Copy, word for word, the lines of the entries below between the one with "Attractive single-story home" and the one with "Smiling,Grandmother,Wearing,A,White,Blouse,With,Black,Dots,And", inclusive, and leave out everything else.

-------- INPUT MATERIAL

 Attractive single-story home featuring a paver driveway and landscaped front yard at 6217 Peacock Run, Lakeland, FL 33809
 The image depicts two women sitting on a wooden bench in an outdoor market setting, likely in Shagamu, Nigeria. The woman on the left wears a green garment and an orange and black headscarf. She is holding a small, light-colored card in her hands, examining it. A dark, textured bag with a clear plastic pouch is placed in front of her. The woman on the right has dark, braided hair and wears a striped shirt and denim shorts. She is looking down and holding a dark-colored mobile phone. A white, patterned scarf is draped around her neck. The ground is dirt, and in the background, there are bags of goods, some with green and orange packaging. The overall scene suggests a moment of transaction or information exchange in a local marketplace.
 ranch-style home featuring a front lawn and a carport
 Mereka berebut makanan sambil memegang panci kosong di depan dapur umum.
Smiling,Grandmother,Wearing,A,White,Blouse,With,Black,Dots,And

----------------
-------- INPUT MATERIAL

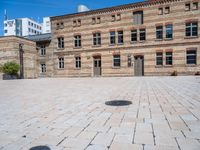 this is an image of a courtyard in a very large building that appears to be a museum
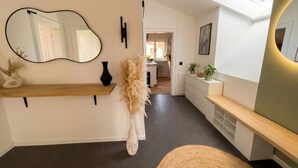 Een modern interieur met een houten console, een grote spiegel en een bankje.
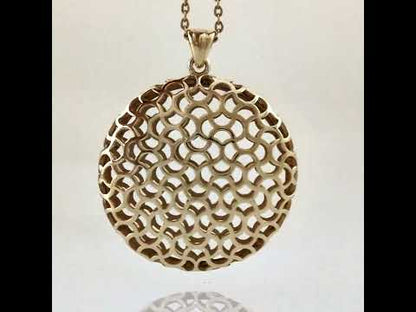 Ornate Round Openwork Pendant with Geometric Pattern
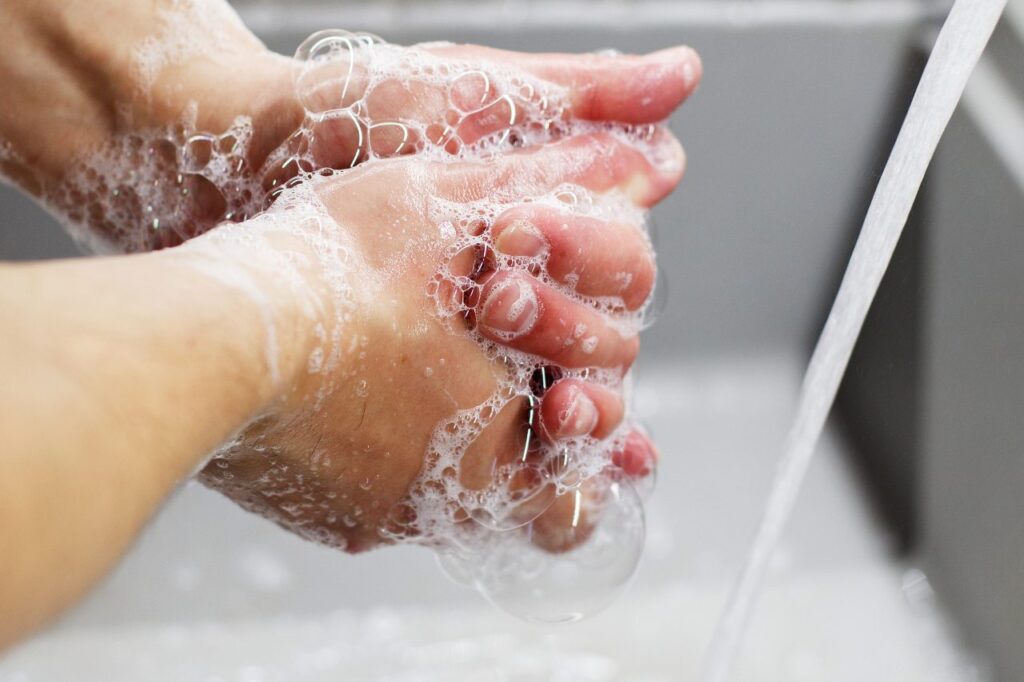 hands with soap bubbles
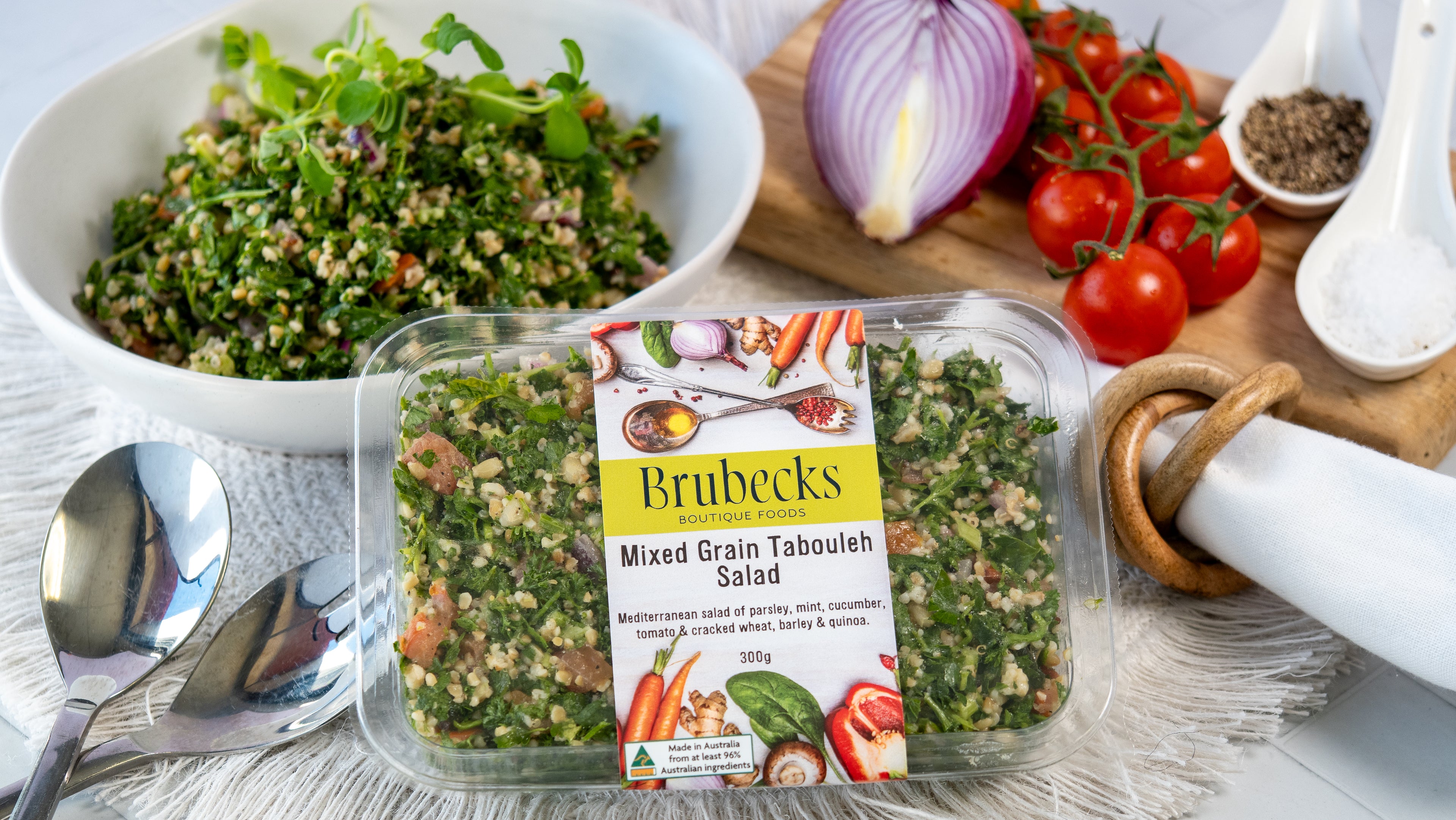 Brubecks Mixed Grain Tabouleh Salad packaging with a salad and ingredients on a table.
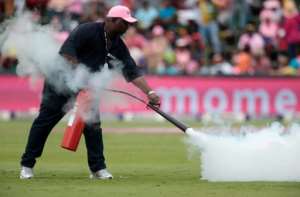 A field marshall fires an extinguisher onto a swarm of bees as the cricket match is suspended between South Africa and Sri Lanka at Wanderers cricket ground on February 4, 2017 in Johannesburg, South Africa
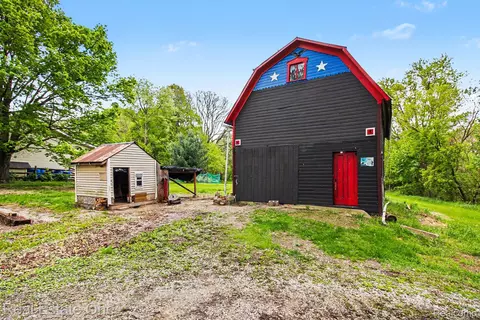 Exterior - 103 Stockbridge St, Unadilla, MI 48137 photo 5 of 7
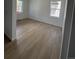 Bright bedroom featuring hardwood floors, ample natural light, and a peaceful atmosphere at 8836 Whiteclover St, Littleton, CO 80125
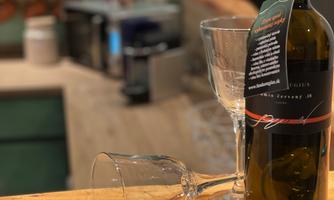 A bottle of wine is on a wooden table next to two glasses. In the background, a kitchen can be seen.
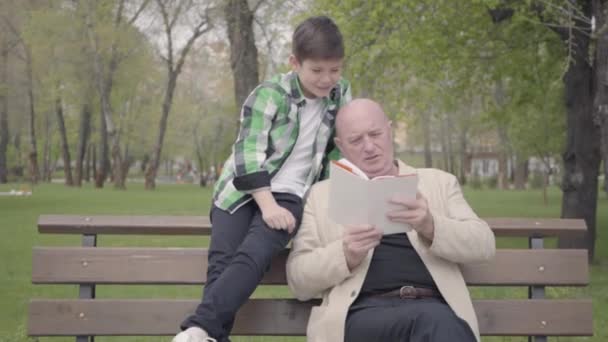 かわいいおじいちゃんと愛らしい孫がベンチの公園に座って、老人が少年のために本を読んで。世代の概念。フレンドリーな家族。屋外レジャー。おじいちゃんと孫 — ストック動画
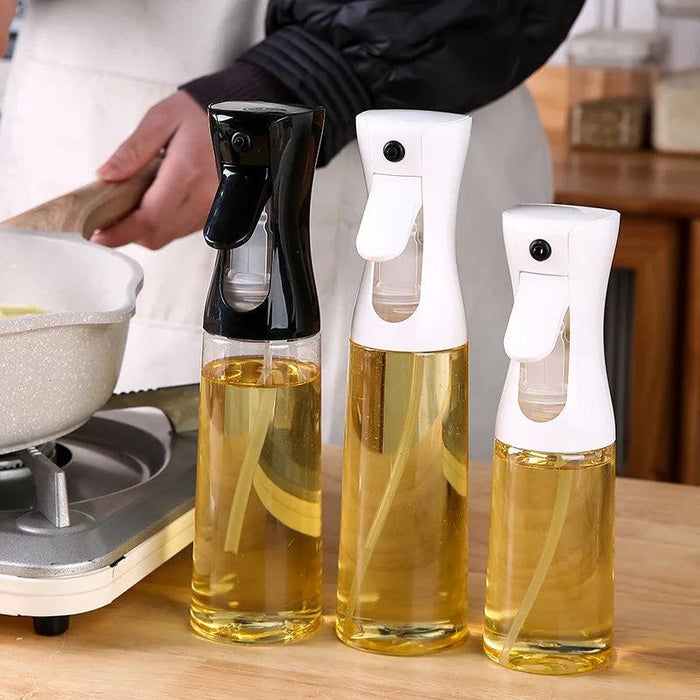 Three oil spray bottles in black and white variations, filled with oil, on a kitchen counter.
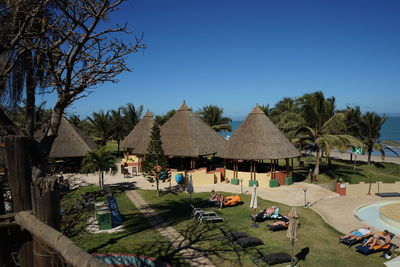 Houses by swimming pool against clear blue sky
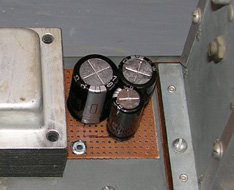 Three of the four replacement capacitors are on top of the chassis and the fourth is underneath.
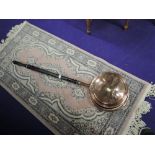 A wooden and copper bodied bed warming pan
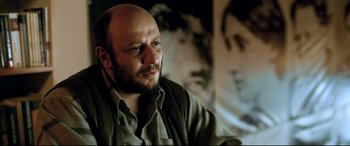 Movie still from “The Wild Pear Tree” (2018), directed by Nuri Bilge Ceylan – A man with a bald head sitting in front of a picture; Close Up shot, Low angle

----------------

◆ EXERCISE SOLUTION ◆
 Attractive single-story home featuring a paver driveway and landscaped front yard at 6217 Peacock Run, Lakeland, FL 33809
 The image depicts two women sitting on a wooden bench in an outdoor market setting, likely in Shagamu, Nigeria. The woman on the left wears a green garment and an orange and black headscarf. She is holding a small, light-colored card in her hands, examining it. A dark, textured bag with a clear plastic pouch is placed in front of her. The woman on the right has dark, braided hair and wears a striped shirt and denim shorts. She is looking down and holding a dark-colored mobile phone. A white, patterned scarf is draped around her neck. The ground is dirt, and in the background, there are bags of goods, some with green and orange packaging. The overall scene suggests a moment of transaction or information exchange in a local marketplace.
 ranch-style home featuring a front lawn and a carport
 Mereka berebut makanan sambil memegang panci kosong di depan dapur umum.
Smiling,Grandmother,Wearing,A,White,Blouse,With,Black,Dots,And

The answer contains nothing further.